One of the Sisters in my Congregation who works in prison ministry visited Pell every week for the 57 weeks of his incarceration. Did she think him guilty or innocent? I don’t know. She said that she appreciated his endurance in extremely difficult and isolating conditions, their times of shared prayer, and his graciousness towards her. “He had an inner peace,” she said. “He was true to himself and consistent that he hadn’t offended.”
Pell spent most of his remaining years in Rome until his death on January 10 this year. I had thought him indestructible and, like so many, was stunned by the news.
Within days, further divisive controversy emerged. The Vaticanista blogger Sandro Magister revealed that Pell was the author of an anonymous memo condemning Pope Francis, his papacy and his commitment to synodality.
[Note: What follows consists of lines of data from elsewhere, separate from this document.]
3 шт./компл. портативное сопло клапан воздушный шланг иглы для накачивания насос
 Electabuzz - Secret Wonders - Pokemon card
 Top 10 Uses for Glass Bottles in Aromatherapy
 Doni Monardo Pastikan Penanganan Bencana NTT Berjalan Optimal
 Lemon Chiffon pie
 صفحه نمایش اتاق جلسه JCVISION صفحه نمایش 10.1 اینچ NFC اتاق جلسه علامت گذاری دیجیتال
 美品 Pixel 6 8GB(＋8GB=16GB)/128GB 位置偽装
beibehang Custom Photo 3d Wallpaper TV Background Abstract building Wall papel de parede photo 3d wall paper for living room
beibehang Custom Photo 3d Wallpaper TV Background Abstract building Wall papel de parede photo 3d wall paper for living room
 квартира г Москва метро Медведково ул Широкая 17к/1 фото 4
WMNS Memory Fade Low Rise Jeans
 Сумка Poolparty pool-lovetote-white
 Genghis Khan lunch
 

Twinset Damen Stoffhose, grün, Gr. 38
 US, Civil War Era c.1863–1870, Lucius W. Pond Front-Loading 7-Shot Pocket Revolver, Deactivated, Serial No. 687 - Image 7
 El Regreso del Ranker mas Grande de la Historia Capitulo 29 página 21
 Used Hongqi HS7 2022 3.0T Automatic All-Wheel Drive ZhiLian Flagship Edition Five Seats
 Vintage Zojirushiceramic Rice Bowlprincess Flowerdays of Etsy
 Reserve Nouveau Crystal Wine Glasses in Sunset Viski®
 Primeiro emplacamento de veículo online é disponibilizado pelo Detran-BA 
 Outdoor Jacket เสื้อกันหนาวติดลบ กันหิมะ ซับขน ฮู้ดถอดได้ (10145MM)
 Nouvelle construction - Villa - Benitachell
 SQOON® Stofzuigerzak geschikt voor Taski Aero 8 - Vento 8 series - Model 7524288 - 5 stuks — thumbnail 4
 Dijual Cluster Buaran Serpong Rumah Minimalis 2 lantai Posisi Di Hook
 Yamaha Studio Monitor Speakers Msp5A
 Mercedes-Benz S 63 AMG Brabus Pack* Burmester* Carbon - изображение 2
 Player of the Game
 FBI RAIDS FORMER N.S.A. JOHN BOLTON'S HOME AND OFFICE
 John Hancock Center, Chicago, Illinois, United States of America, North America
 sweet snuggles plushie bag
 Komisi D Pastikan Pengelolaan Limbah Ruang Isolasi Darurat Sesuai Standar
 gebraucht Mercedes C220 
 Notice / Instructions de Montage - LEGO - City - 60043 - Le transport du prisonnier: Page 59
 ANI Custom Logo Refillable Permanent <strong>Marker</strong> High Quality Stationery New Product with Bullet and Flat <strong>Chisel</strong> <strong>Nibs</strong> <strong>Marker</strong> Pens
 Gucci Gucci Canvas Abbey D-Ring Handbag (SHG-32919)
Such disloyalty, such hypocrisy! Pell was a ’faithful servant of the Church’, as long as it was the Church made in his image.
Since his death, one clip showing Pell and Pope Francis greeting each other has been played repeatedly.
Pell stoops to kiss the Pope’s ring but Francis instinctively and quite deliberately pulls it away.
For me, the clip is emblematic of both men’s ecclesiology, and how the Church is evolving.
Resistant to the spirit of Vatican II, Pell was the guardian of orthodoxy and dogma within a hierarchical Church where clericalism and patriarchy reigned; a Church replete with the trappings of courtly titles and power. His was a dogmatic teaching Church rather than a listening Church.
Francis’ vision is one of a welcoming, inclusive Church which consults, listens and learns. His synodal approach prioritises the dignity of the baptised rather than the authority of the ordained. He endorses collaboration and communal discernment where lay women and men are invited to engage in the decision-making process.
Give me Francis’ merciful “smell of the sheep” approach over autocratic dogma any time!
The George Pell I encountered over the years could be charming and courageous, generous and genial, self-deprecating and with a good sense of humour. He bore his incarceration with heroic equanimity. He was also authoritarian and absolutist, a man who could be politically ruthless, and one who relished a fight.
There are some who will continue to demonise Pell while others, like Tony Abbott, have canonised him already. It occurs to me that neither is an appropriate response. George Pell was neither evil incarnate, nor sinless and blameless. He was truly gifted and terribly flawed, like the rest of us.